Los mandatarios promulgarían la apertura paulatina de la frontera con nuevos controles comerciales y de seguridad para combatir el contrabando y el narcotráfico. Se crearía una canasta básica para atacar crisis de alimentos.

Miles de venezolanos cruzaron la frontera en julio para hacer compras en Cúcuta, a causa del desabastecimiento general en Venezuela. / EFE

Los presidentes de Colombia y Venezuela, Juan Manuel Santos y Nicolás Maduro, se reunirán en la tarde de este jueves en Puerto Ordaz (Venezuela) para discutir la posible reapertura de la zona fronteriza entre los dos países. El 19 de agosto de 2015, el gobierno de Maduro había ordenado el cierre de la frontera arguyendo problemas de inseguridad, contrabando y narcotráfico, tras el ataque de un supuesto grupo de paramilitares a integrantes de la guardia nacional de Venezuela.

Este encuentro ocurre una semana después de que las cancilleres de ambos países, María Ángela Holguín y Delcy Rodríguez, se reunieran para concertar las condiciones de dicha reapertura (lea aquí sobre los acuerdos a que llegaron).
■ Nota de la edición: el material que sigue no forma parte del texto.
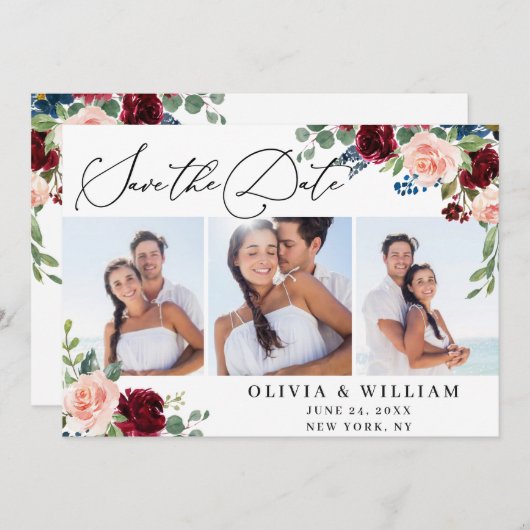 Save The Date Burgundy Blush Navy White Roses 3 PHOTO Mariage (Devant / Derrière)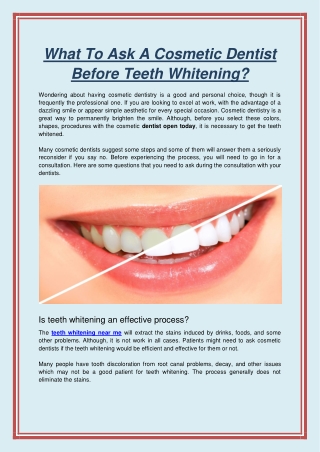 What To Ask A Cosmetic Dentist Before Teeth Whitening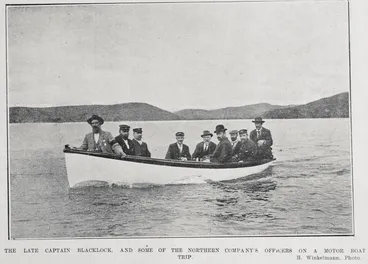 THE LATE CAPTAIN BLACKLOCK, AND SOME OF THE NORTHERN COMPANY'S OFFICERS ON A MOTOR BOAT TRIP Image: THE LATE CAPTAIN BLACKLOCK, AND SOME OF THE NORTHERN COMPANY'S OFFICERS ON A MOTOR BOAT TRIP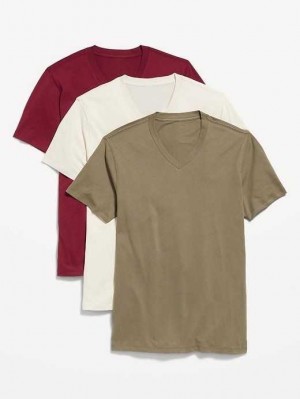 Old Navy Soft-Washed V-Neck T-Shirt 3-Pack Red Burgundy | HLC609843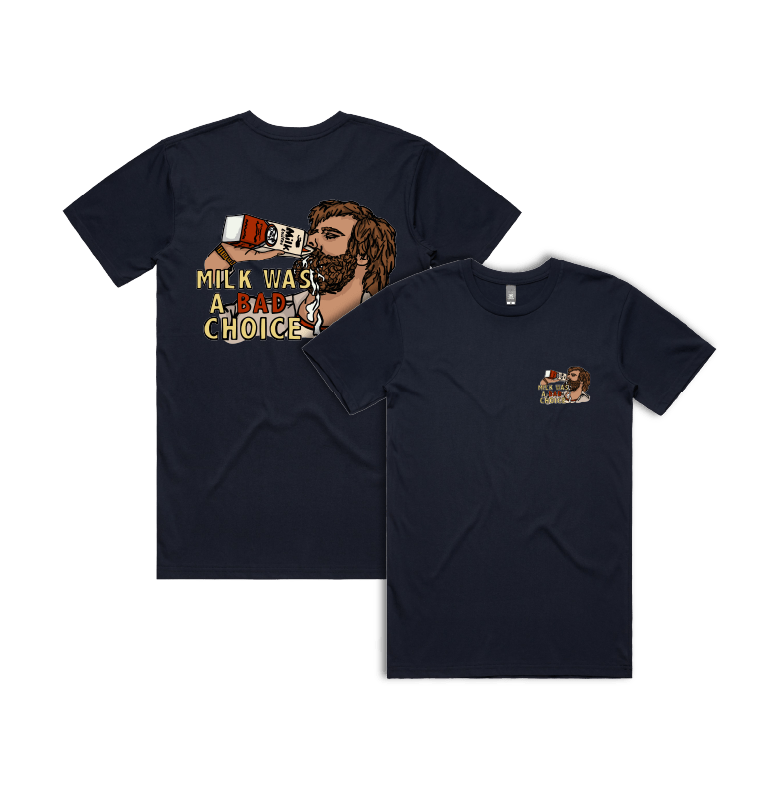 S / Navy / Small Front & Large Back Design Milk Was A Bad Choice 🥛 - Men's T Shirt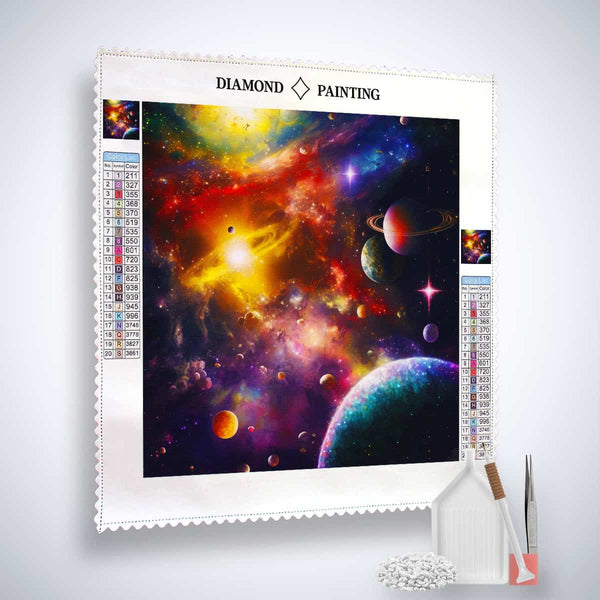 Diamond Painting - Space Nebula kit with Professional Canvas, Enhanced Acrylic Diamonds, and tools like Fine Artist's Tweezers and Application Pen.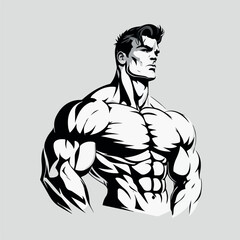 Fitness gym badge or emblem vector illustration. Man bodybuilder silhouette for t-shirt, print stamp. Retro logo design.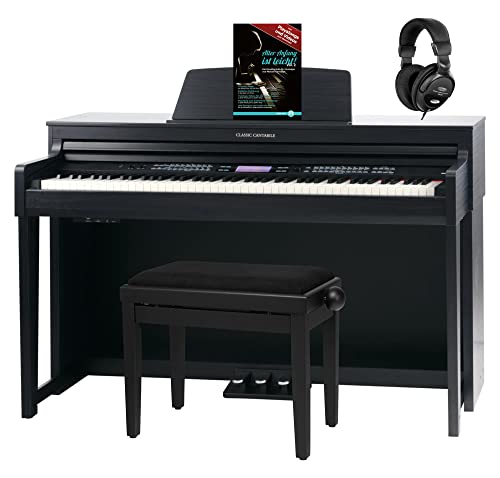 Classic Cantabile DP-A 610 E-Piano Set (88 Tasten Hammer-Mechanik, 1200 Voices und 38 DSP Effekte, Bluetooth-Streaming, Begleitfunktionen mit 270 Styles, inkl. Bank, Kopfhörer & Schule) Schwarz matt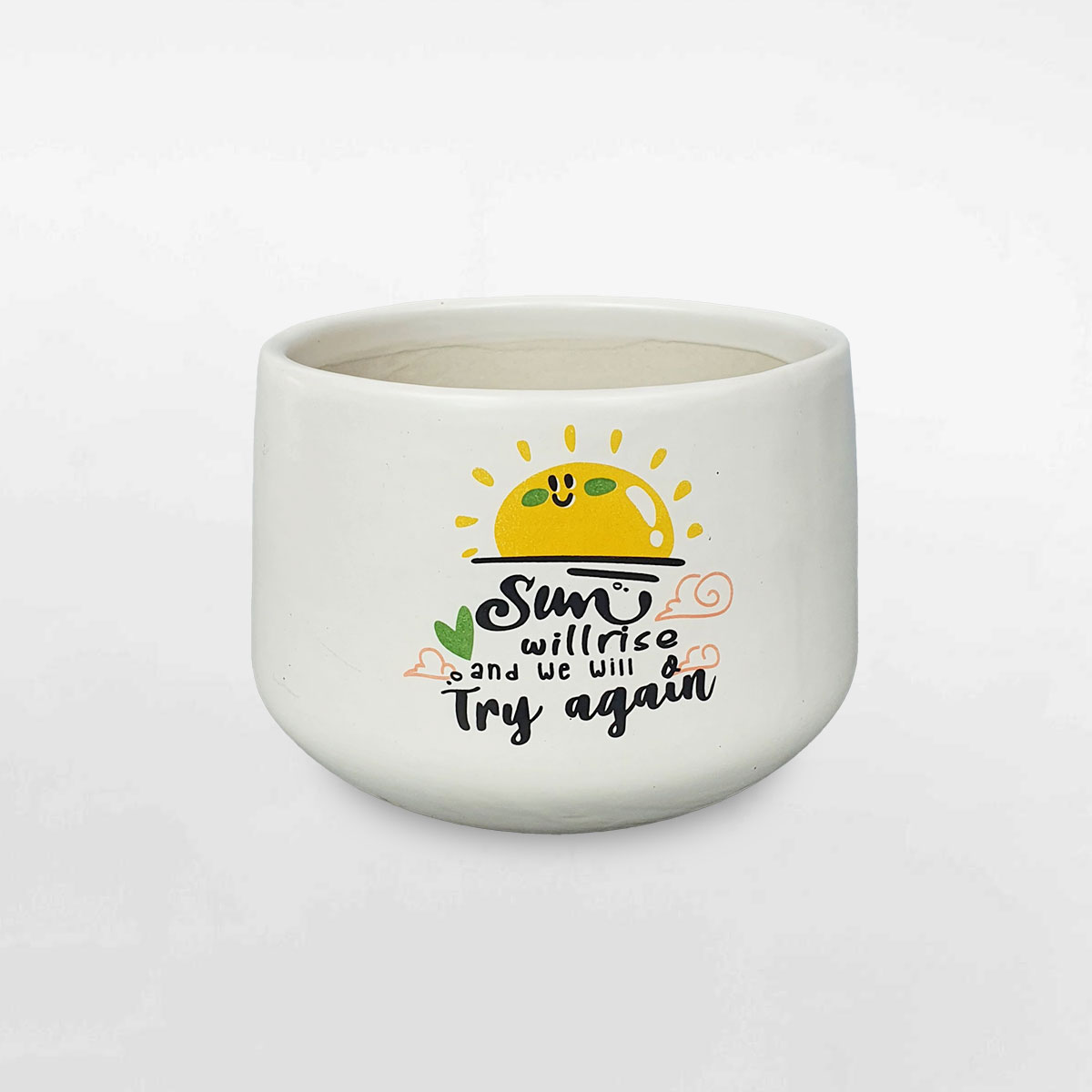 Chậu gốm sứ nhỏ câu nói Tiếng Anh 12x9cm GOSU021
Entre los acuerdos a los que llegaron está la creación de una cédula fronteriza para los residentes de la zona, que permita a las autoridades registrar el flujo de ciudadanos. La frontera se abriría sólo de manera intermitente, con horarios restringidos, y habría mayores controles de seguridad para evitar el contrabando y la delincuencia común. Las autoridades reconocen que en la frontera se transporta gasolina y alimentos de manera ilegal, que luego son revendidos a muy altos precios en Venezuela.

La situación del país vecino impulsó la reunión entre los gobiernos. En dos ocasiones, a lo largo de julio, la frontera fue reabierta de manera temporal para que los habitantes de la zona venezolana pudieran comprar alimentos y medicinas en Cúcuta. El estado de urgencia económica en Venezuela alentó a más de 150.000 venezolanos a cruzar la frontera. Según fuentes de Migración Colombia, las autoridades venezolanas propusieron que la frontera fuera abierta de nuevo de manera temporal. Sin embargo, la parte colombiana rechazó dicha propuesta, dado que el flujo de venezolanos que llegan desde San Antonio de Táchira podría volverse incontenible.

Venezuela sufre un desabastecimiento, de acuerdo con estudios privados, cercano al 82% (lea aquí: "Venezuela: la tragedia de un país sin alimentos"). Los venezolanos se ven obligados a comprarles alimentos a los “bachaqueros” (contrabandistas) a precios en ocasiones 10 veces por encima del costo regulado por el Gobierno. Las medicinas escasean en las farmacias y los venezolanos deben someterse a colas inmensas, desde muy temprano, para obtener unos pocos alimentos para su semana. En ocasiones, a pesar de cumplir con las extensas colas, no obtienen un turno y se ven forzados a buscar a los “bachaqueros” (tres testimonios sobre la escasez en Venezuela). Por eso, entre algunos de los acuerdos a los que llegaron las cancilleres —y que serían ratificados en el encuentro entre presidentes— está la creación de una cesta básica para el intercambio de alimentos y materias primas.

La industria venezolana se encuentra detenida por la crisis del petróleo, que ha producido la caída del dólar y a su vez la imposibilidad de obtener materias primas del exterior. Los beneficios económicos de Venezuela dependen, en un porcentaje cercano al 90%, del petróleo. Dicha crisis también ha producido una inflación que superó el 180% en 2015 y que llegaría al 720% en 2016.

En materia de seguridad, los tratos recomenzaron en junio, cuando se reunieron los ministros de Defensa de ambos países, Vladimir Padrino —uno de los militares abanderados del chavismo— y Luis Carlos Villegas. Colombia propone la apertura continua de los cinco puntos de seguridad que existen en la frontera. Una instancia de cooperación binacional —cuyos detalles no se han definido— se encargará, además, de combatir el crimen organizado y el contrabando.